Thanks for the help, Dan Brown.

Papal interviewer Vittorio Messori says the slurs leveled against Opus Dei in Brown’s lurid and historically inaccurate novel The Da Vinci Code actually have sparked a growth surge by the Catholic apostolate.

One of the characters featured in Brown’s fictional potboiler is an albino Opus Dei “monk-assassin,” and overall the novel paints a grim picture of the Catholic Church in general and Opus Dei in particular.

But according to Messori — the Italian Catholic journalist who collaborated with Pope John Paul II and then-Cardinal Joseph Ratzinger on book-length interviews — the “tsunami” of publicity generated by The Da Vinci Code has allowed Opus Dei to inform more people about its real mission: promoting sanctity in the daily lives of ordinary Catholics.

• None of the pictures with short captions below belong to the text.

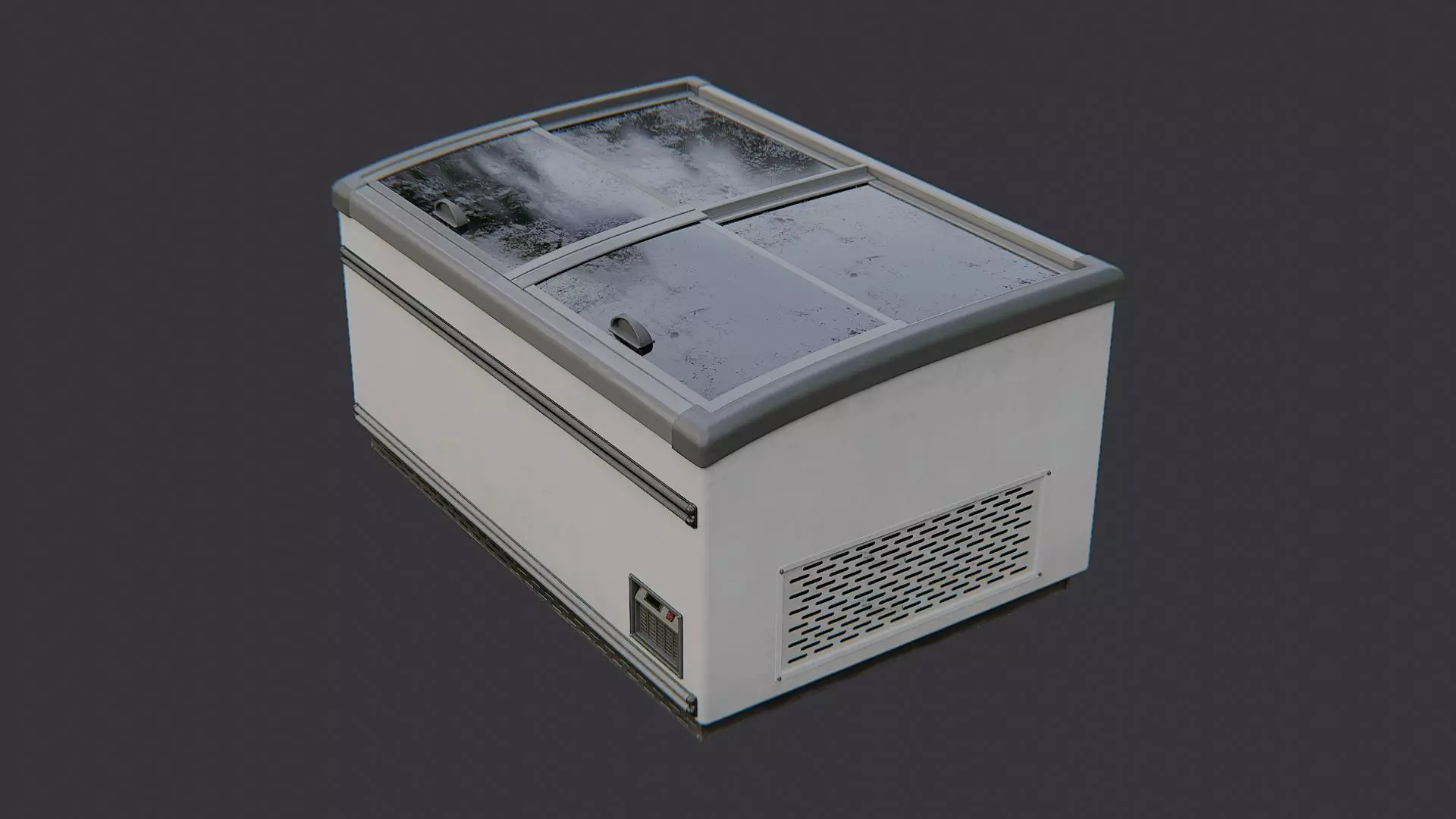 Supermarket Display Freezer Cabinet Low-poly 3D model_3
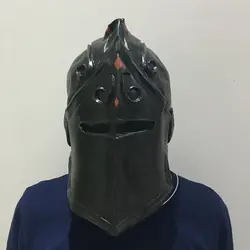 Горячая игра Battle Royale черная маска рыцаря латексный костюм для взрослых красный Рыцарь Маска на все лицо шлем Косплей-реквизиты для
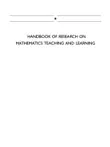 Handbook of Research On Mathematics Teaching and Learning synopsis, comments
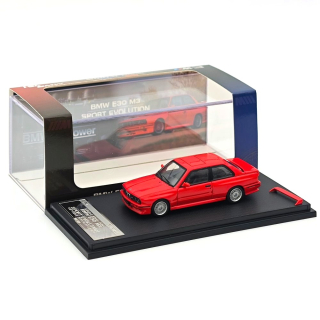 BMW E30 M3 Sport Evolution pearl red 1:64 Mortal Model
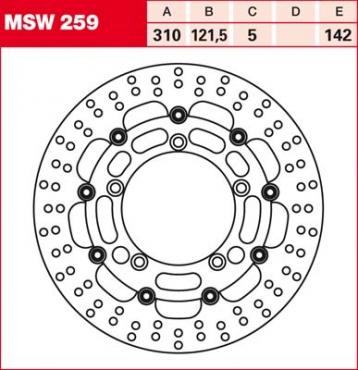 TRW brake disc floating MSW259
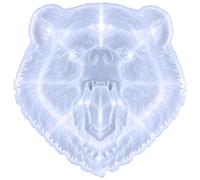 Gadpiparty Molde de silicona con forma de cabeza de oso para manualidades de escritorio, resistente al desgarro y no se deforma para decoración del hogar y proyectos de manualidades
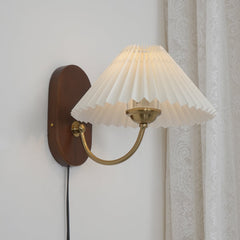 Louise Plug In Wall Lamp 12.2″ - Franing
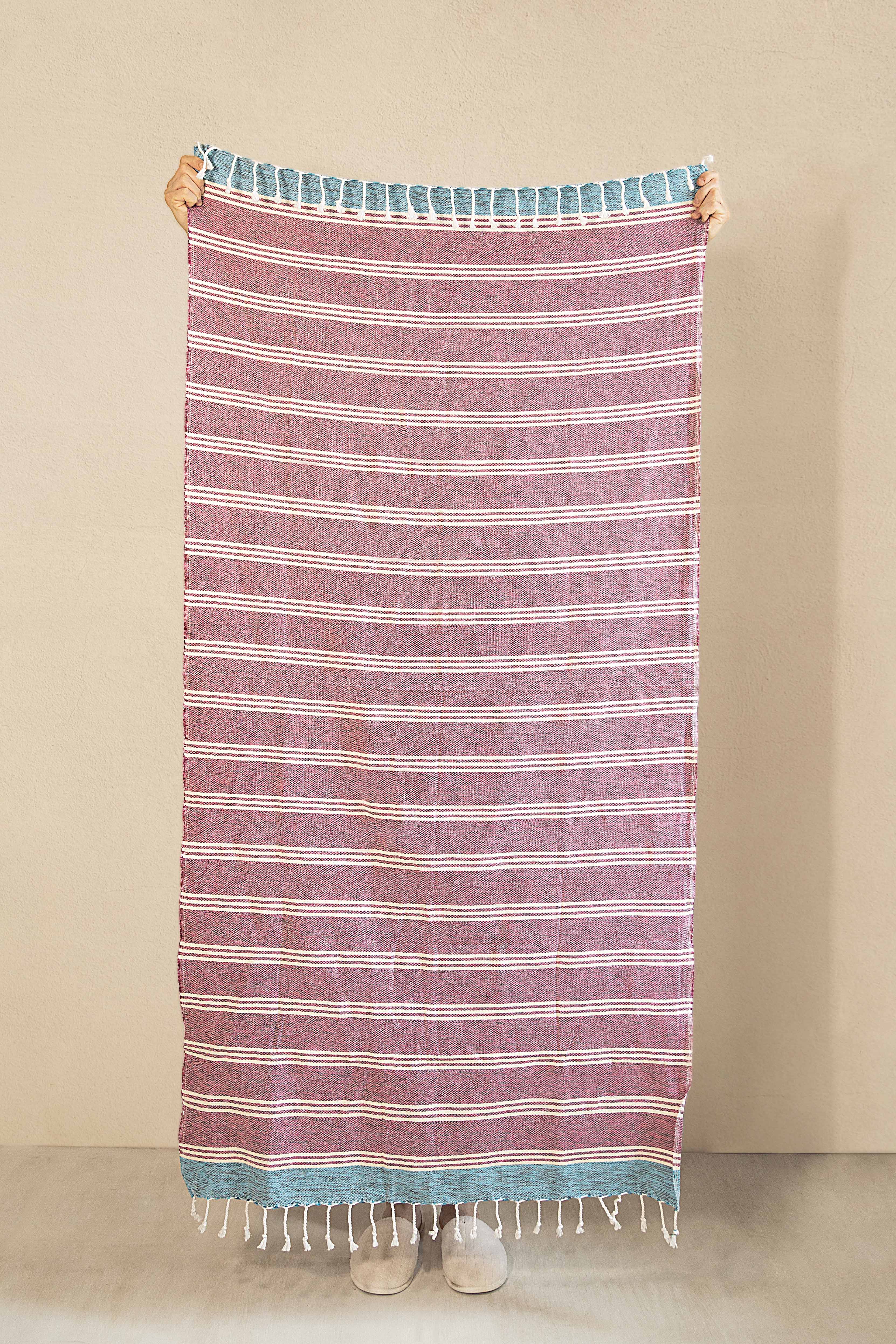 Irya-Violet Peştamal 90x170-Peştamal-1-Milagron.com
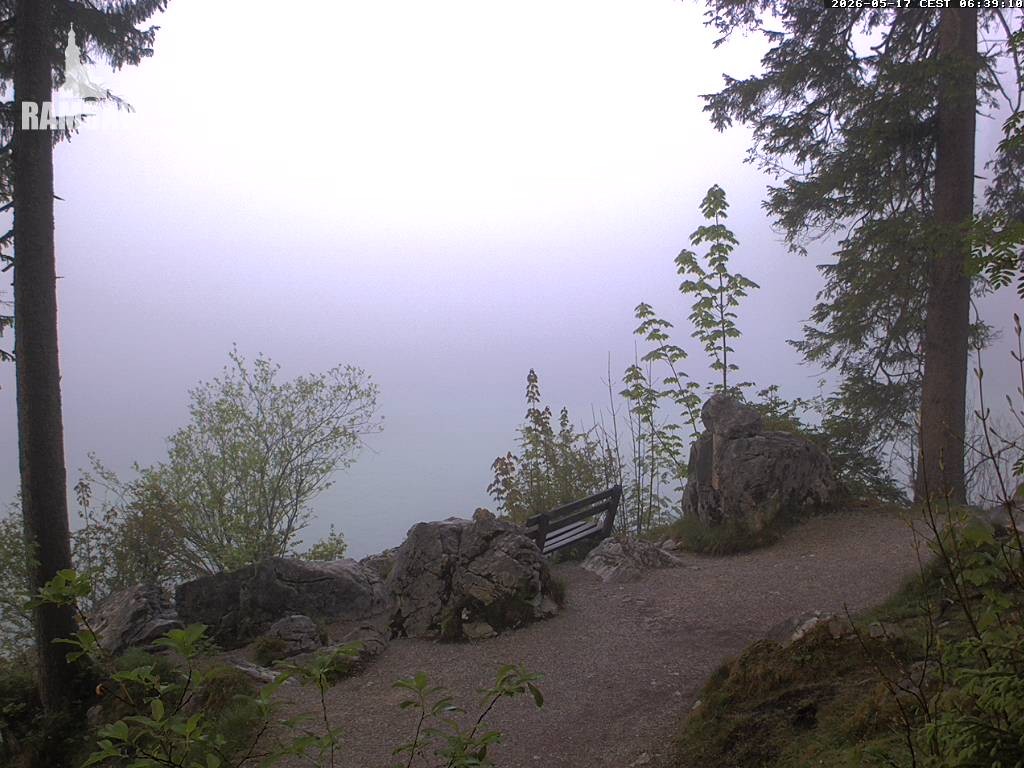 Archiv Foto Webcam Luitpoldweg am Hintersee in Ramsau bei Berchtesgaden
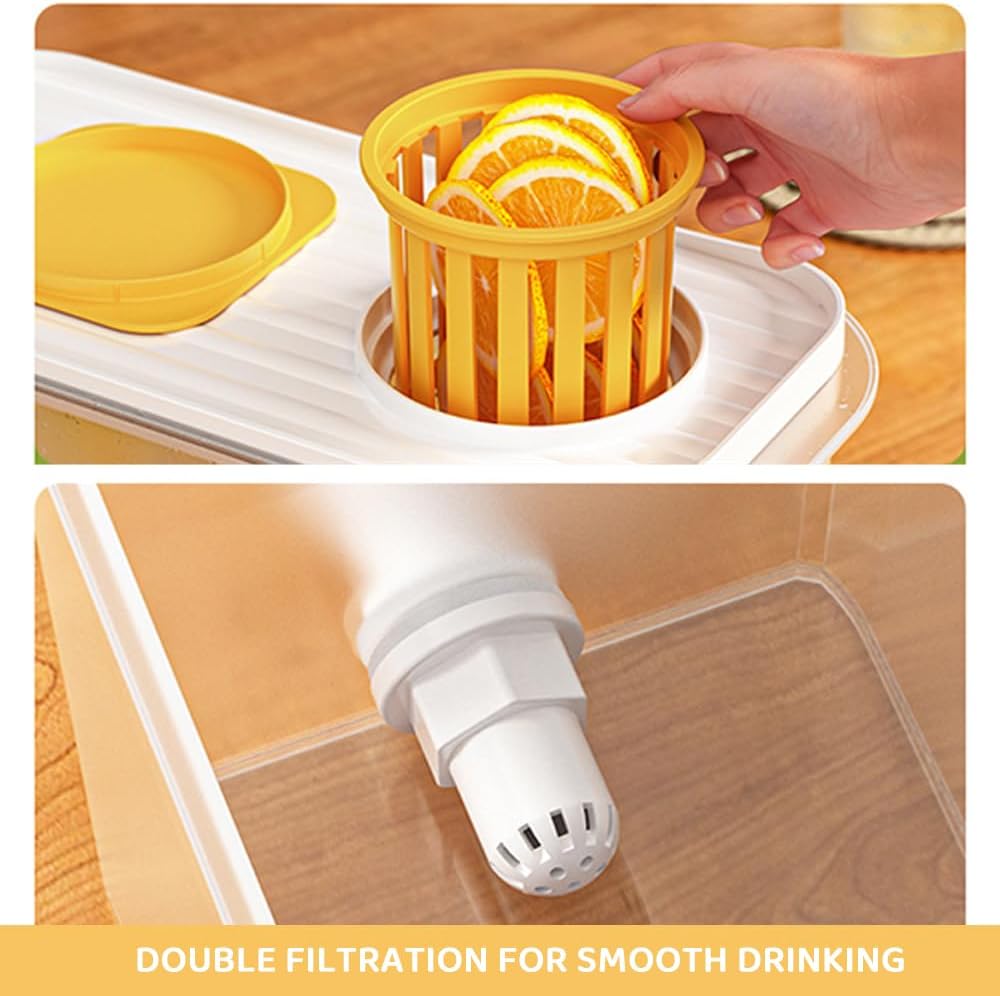 Shukitechi Large Iced Beverage Dispenser Jug Ergonomic Handle Food-Grade NEW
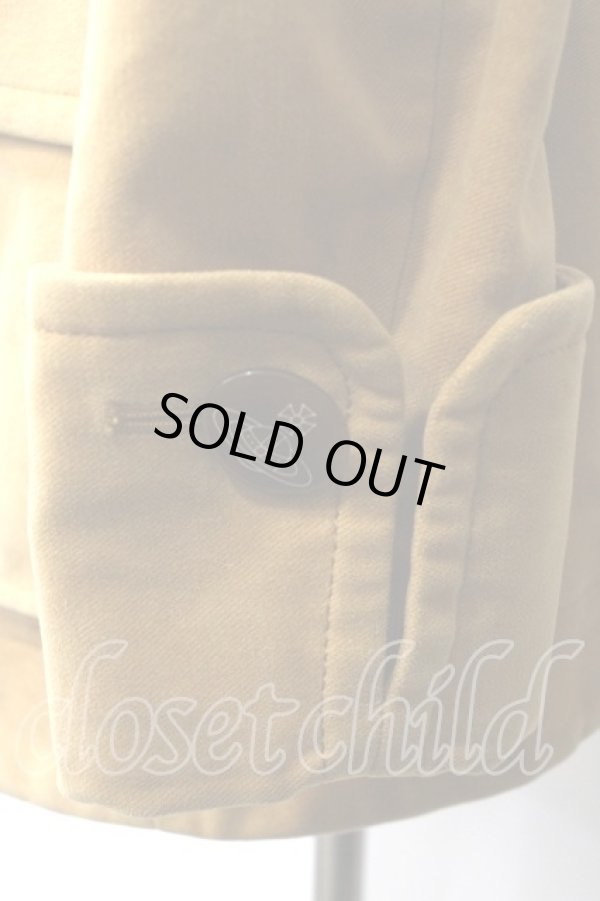 画像4: ヴィヴィアンウエストウッド 中古 / ビッグカラーコート 3 イエロー  Y-25-05-28-071-co-SZ-ZY (4)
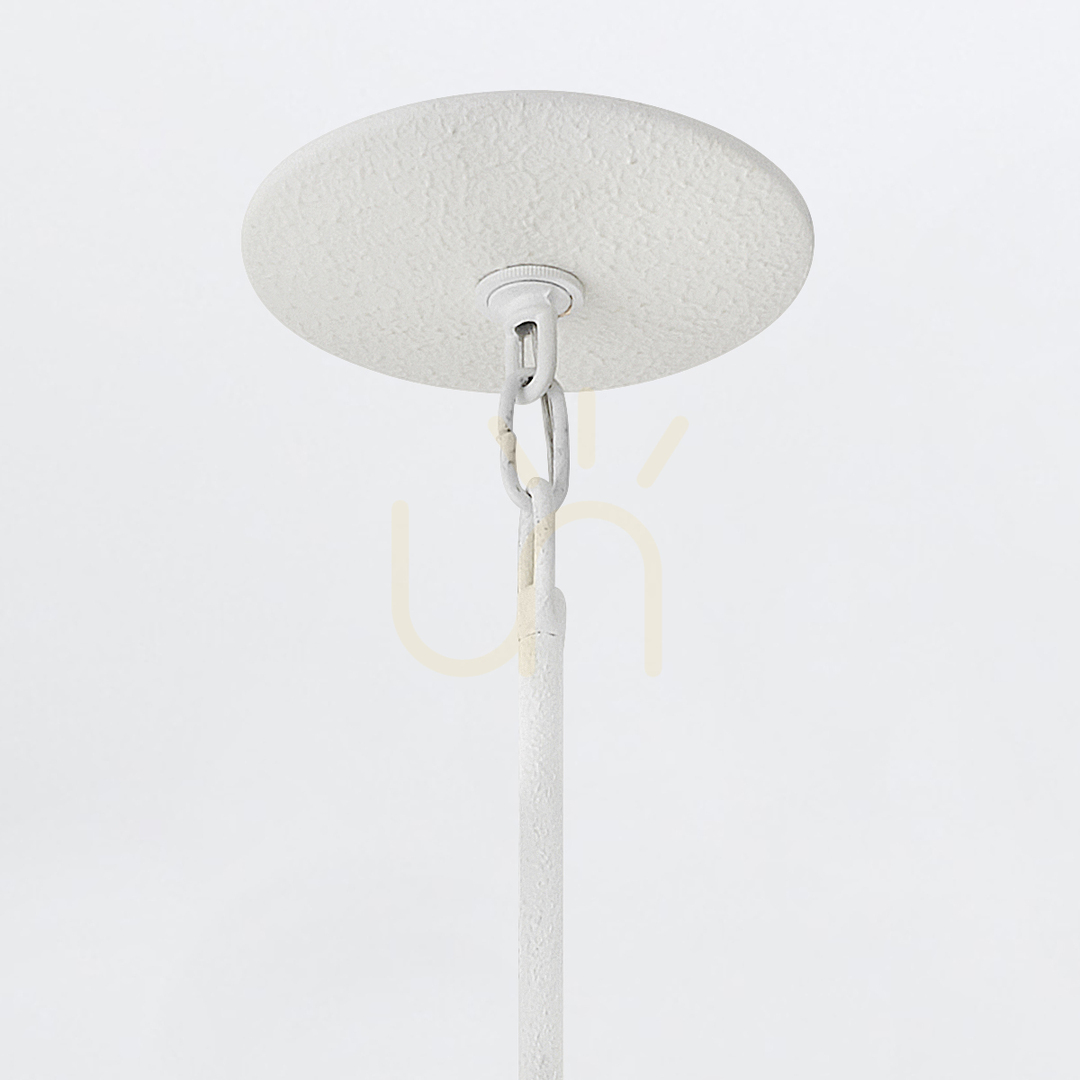 Obejrzyj Lampa wisząca FLORA - 3 źródła światła - Tynk strukturalny QUINTIESSE Lampa wisząca FLORA - 3 źródła światła - Tynk strukturalny QUINTIESSE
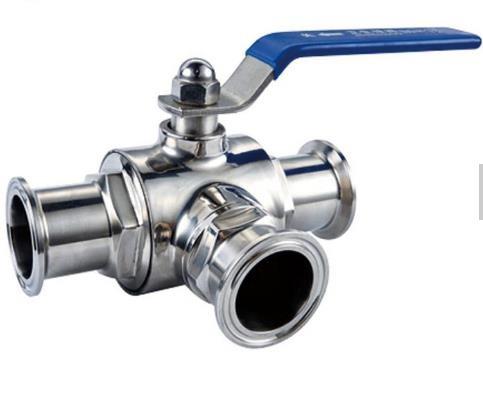 Buy cheap SMS AAA 10bar Stainless Steel Sanitary Valves Three Way 1/2 Inch Ball Valve from wholesalers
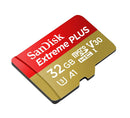 SanDisk Extreme Plus 32GB Class 10 UHS-I-U3 Micro SDHC - ONE CLICK SUPPLIES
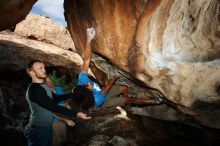 Bouldering in Hueco Tanks on 10/19/2018 with Blue Lizard Climbing and Yoga

Filename: SRM_20181019_1109240.jpg
Aperture: f/8.0
Shutter Speed: 1/250
Body: Canon EOS-1D Mark II
Lens: Canon EF 16-35mm f/2.8 L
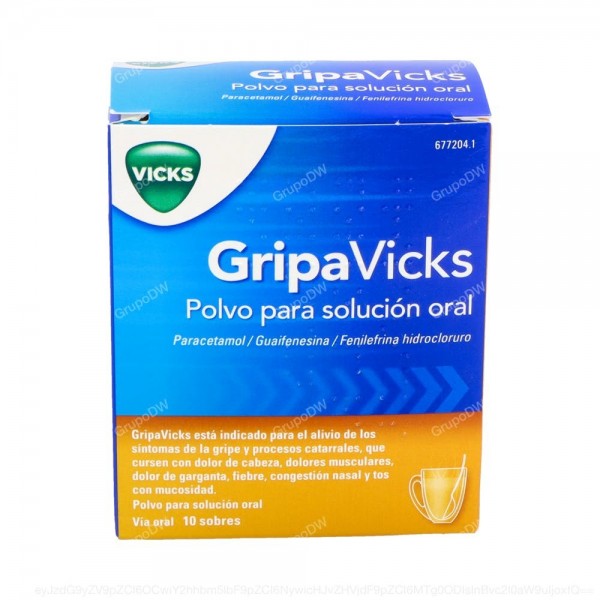 GRIPAVICKS  POLVO PARA SOLUCION ORAL, 10 sobres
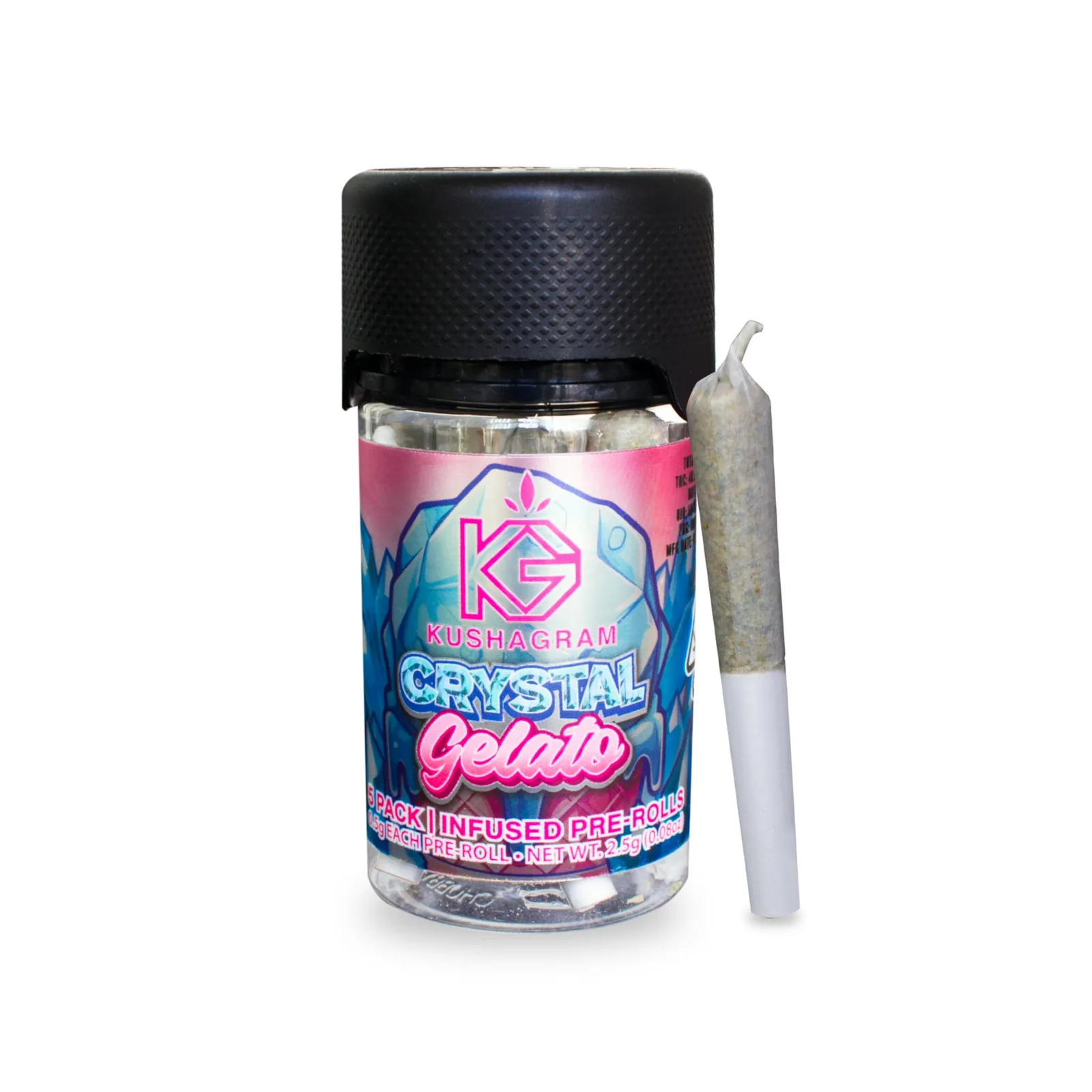 Kushagram - Crystal Gelato 5pk Infused Pre Rolls 3.5g - 3.5 g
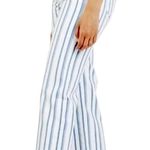 joe's jeans Joe’s Jeans The Blake High Rise Wide Leg Crop Jeans Blue White Striped Size 26 Photo 0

The howlers in Brown’s book (Opus Dei is not a religious order and consequently has no monks, for example) and the Catholic group’s measured defense have attracted widespread praise for Opus Dei’s policy of “elegant understatement,” Messori said in a Sept. 30 article in the Italian daily Corriere della Sera.

Thursday marks the 80th anniversary of the founding of Opus Dei by Spanish priest St. Josemaria Escriva.